Réflexions sur le tir instinctif


Category Tir

POUR EN FINIR AVEC LA VISÉE EN TIR INSTINCTIF.

L’image que beaucoup se font de l’acte de viser avec une arme est indissociable d’un dispositif de visée (viseur ou autre). Dans ce cas précis, la modalité sensorielle qui est essentiellement sollicitée est la VUE. Cette modalité sensorielle, unique dans ce cas, s’appuie de plus sur des paramètres mesurables tels que la distance, donnée à l’aide d’appareils et les systèmes gradués de hausse et d’erreurs latérales. La vue et le raisonnement prennent donc toute la place dans cette technique.

visée1Mais nous avons 5 sens et même plus, puisque , dans les 5 sens, la PROPRIOCEPTION n’est pas incluse. C’est la capacité de perception de l’état de relâchement ou de contraction de nos muscles. Cette modalité sensorielle est à l’origine de notre schéma corporel et de notre AJUSTEMENT POSTURAL à chaque instant de notre vie quotidienne. Outre ce type de perception que nous avons de nous-mêmes, et qui fait partie intégrante des nombreuses informations qui construisent la prise de nos décisions, les neurosciences commencent à s’intéresser sérieusement à un type de sensation très difficile à cerner: notre INTUITION, cette sorte de PREMIÈRE IDÉE ou de PREMIÈRE IMPRESSION.

Cette première impression, l’être humain la rejette, tout occupé qu’il est à suivre sa course effrenée vers l’un des derniers domaines propres de la nature humaine qu’est l’intellectualisation absolue. C’est aussi certainement parce que cette sensation est le reflet sans détours de sa part animale: elle revèle notre côté instinctif: le mot est lâché.

Pourtant, chacun d’entre nous a été confronté à sa première impression notamment, lors d’une rencontre avec un inconnu ou dans des situations nouvelles et l’une des expressions consacrées dans ce cas de figure est “ça, je le sens” ou “ça, je ne le sens pas”. Certains échecs sont même parfois ponctués d’un “si j’avais su, j’aurais suivi ma première idée”.

Chaque archer connaît donc des situations, des cibles, des flèches qu’il sent ou qu’il ne sent pas. Et, à coup sûr, les cibles qu’il sent déterminent souvent des flèches qu’il sent et des tirs qu’il sentait bien, avec pour résultat, la flèche fichée à l’endroit ou il voulait la mettre… Pour réussir cela, l’archer a, très souvent de façon inconsciente, mobilisé toutes les aides indispensables: les 5 sens, la proprioception, l’analyse de la cible, le vent, les émotions de l’archer etc… tous ces paramètres que certaines disciplines psychologiques regroupent sous le terme de SENSATION KINESTHÉSIQUE. Pourtant, immanquablement, l’archer a aligné son geste sur la ligne de la cible, il s’est appliqué à diriger la flèche vers celle-ci et à décocher dans les bons axes, bref, il a visé.

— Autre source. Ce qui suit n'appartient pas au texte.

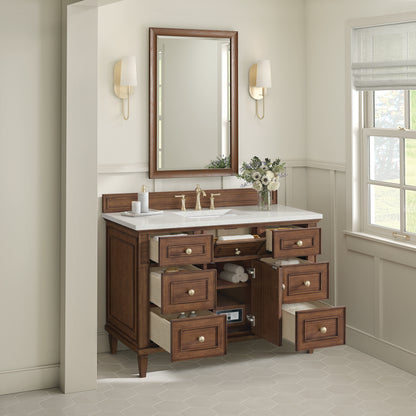 Renovate for Less Atlanta Lorelai 48" Single Vanity, Mid-Century Walnut w/ 3 CM Lime Delight Silestone Top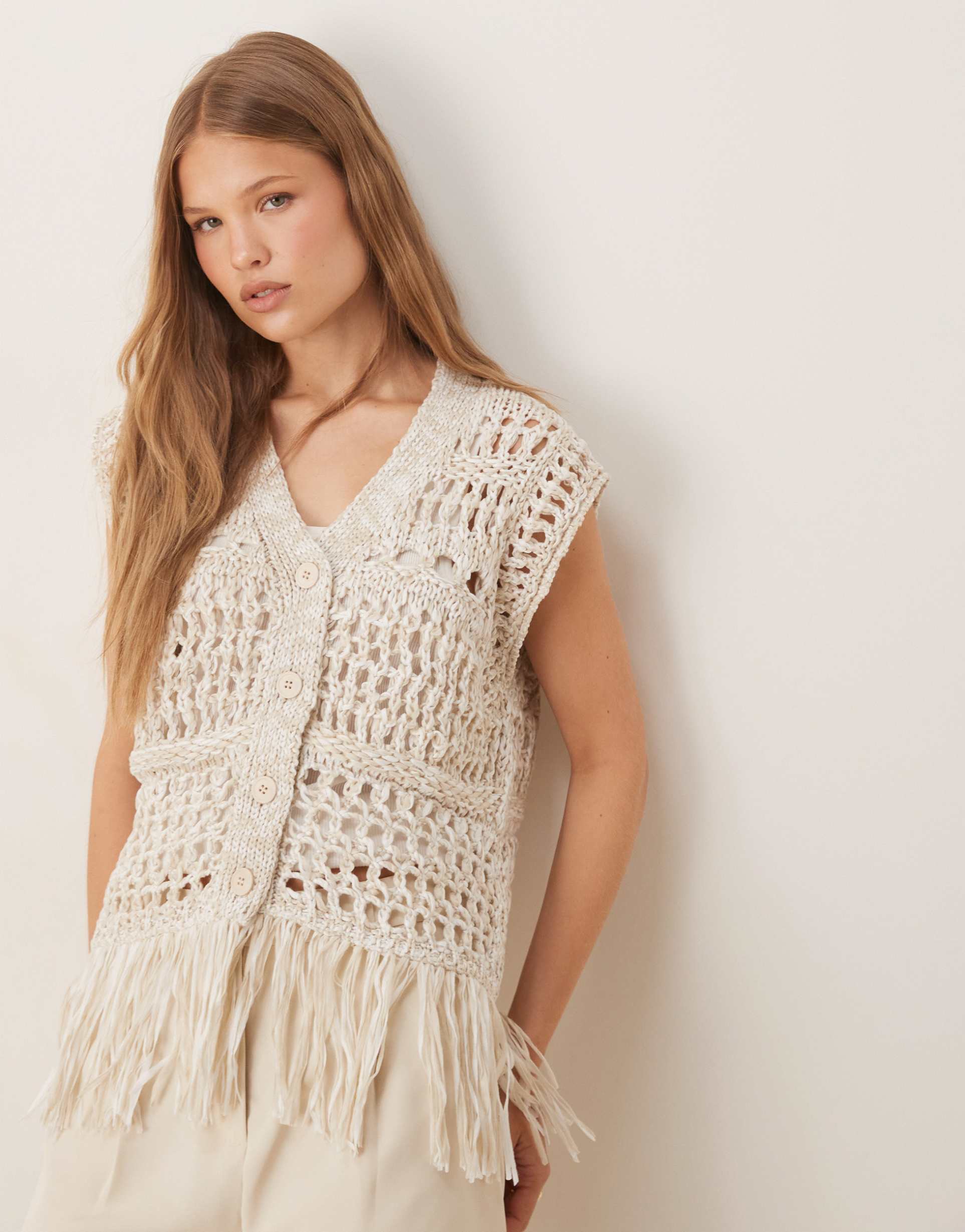 asos design knitted stitch mix crochet fringed multiply button front tank in stone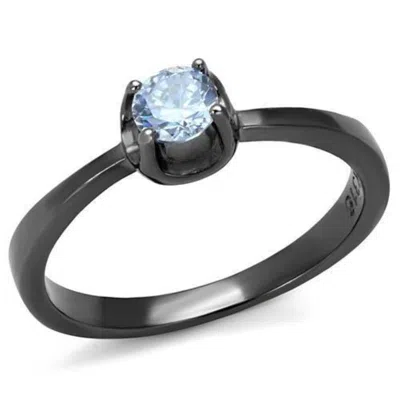 Fashnzfab Ip Light Black Stainless Steel Ring With Aaa Grade Cz In Light Amethyst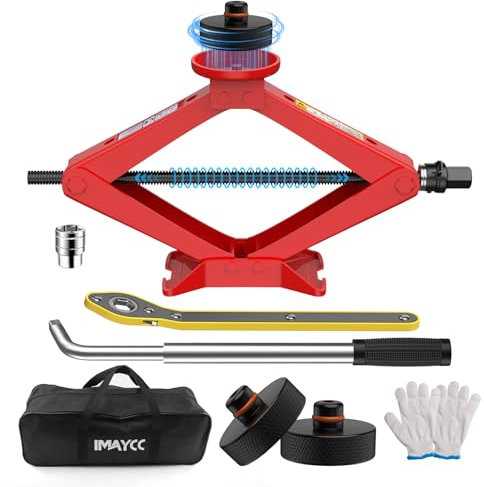 IMAYCC 2.5T Car Jack Kit for Tesla Model Y Model 3/S/X Lifting Jack,2500KG Scissor Jack for Tesla,Tire Change Kit with TeslaJack Pucks/Pad,Tire Repair Tools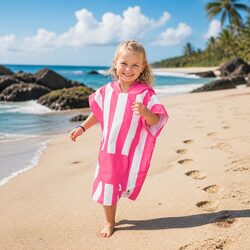 Compact Kids Hooded Poncho Towel, Quick Dry for 4-7 Years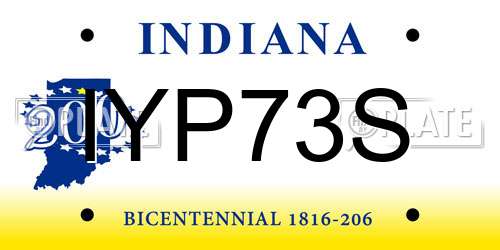 IYP73S Indiana License Plate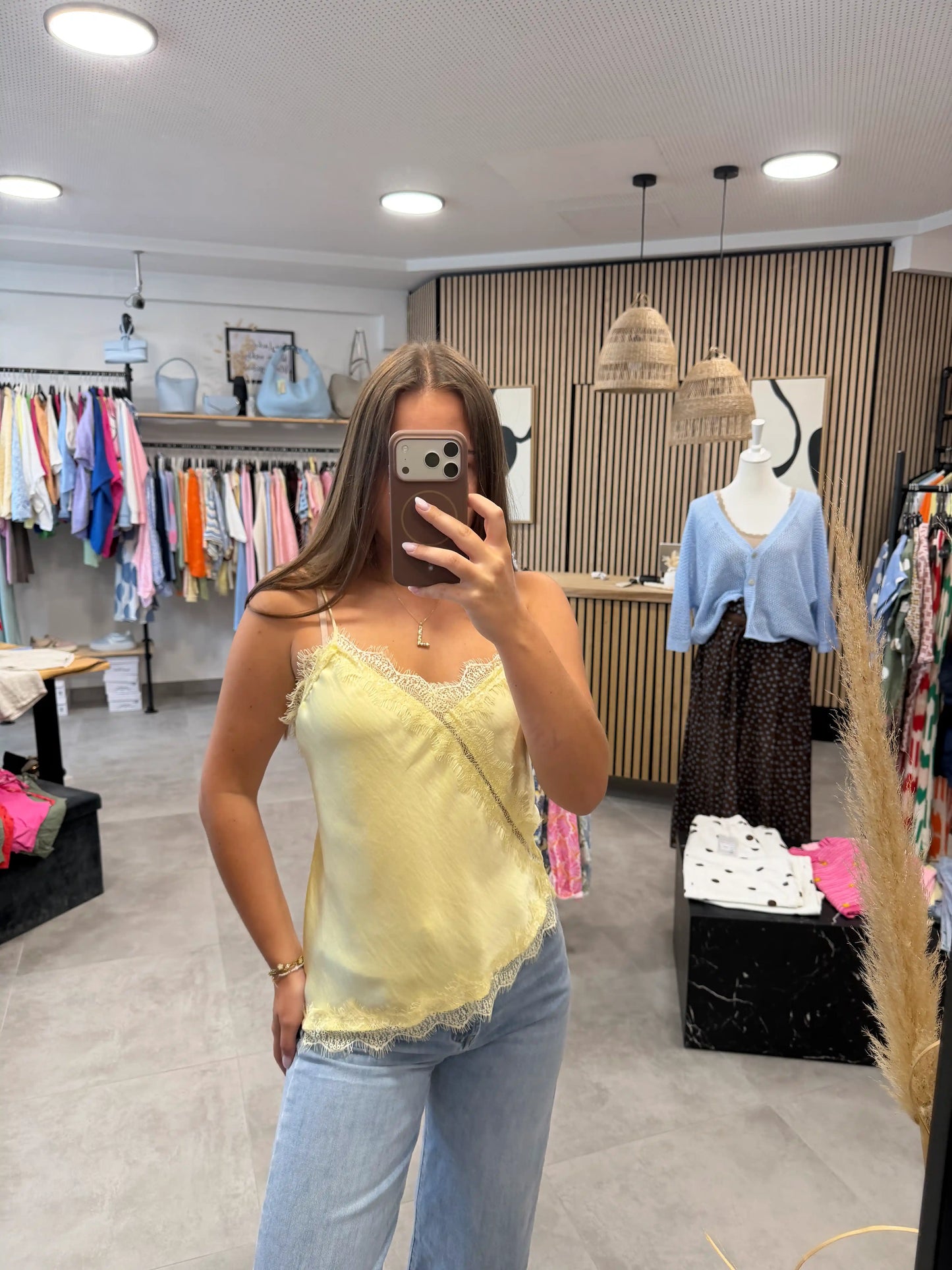 Spitzentop "Florine" Gelb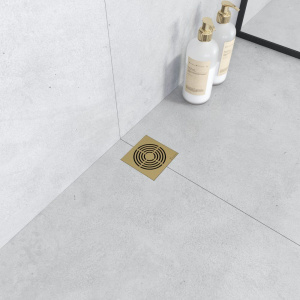 Душевой трап Boheme Smart Design, 10x10 см, матовое золото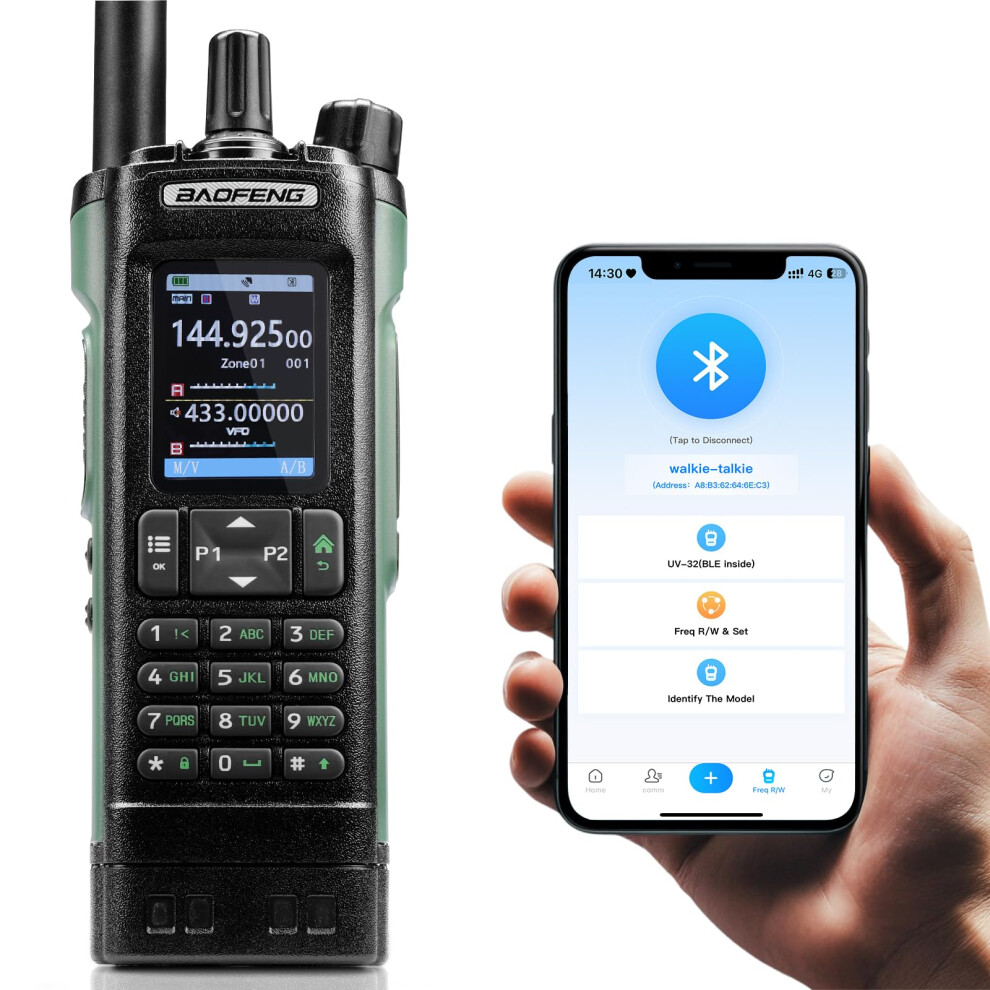 Photos - Radio / Clock Baofeng UV-32 10W Dual Band Ham Radio with GPS, CHIRP & Wireless APP Programmable, AM FM Receiver, 2.0â Large Color Displa 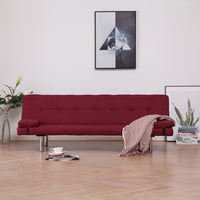 Thumbnail for 282191 vidaXL Sofa Bed with Two Pillows Wine Red Polyester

Réduire la visée à la seule modalité sensorielle de la vue s’appuyant sur un dispositif de visée, c’est négliger toutes les disciplines où les pratiquants visent avec tous les paramètres cités plus haut. Je pense à tous les sports ballons, raquettes, aux lancers et autres tirs de précision tels que la pétanque, les boules, les bowling, le curling et bien d’autres encore. Tous ces pratiquants, tirent au final en visant avec tous les paramètres qu’ils ont à leur disposition, et c’est ce qui fait la magie d’un tir réussi en Basket Ball à la fin d’un match, réalisé de l’autre côté du terrain. Chance? En partie, mais pas seulement. Viser de cette façon engage la PERSONNALITÉ INTÉGRALE du pratiquant et c’est, je crois, ce qui en fait sa difficulté, mais aussi sa beauté.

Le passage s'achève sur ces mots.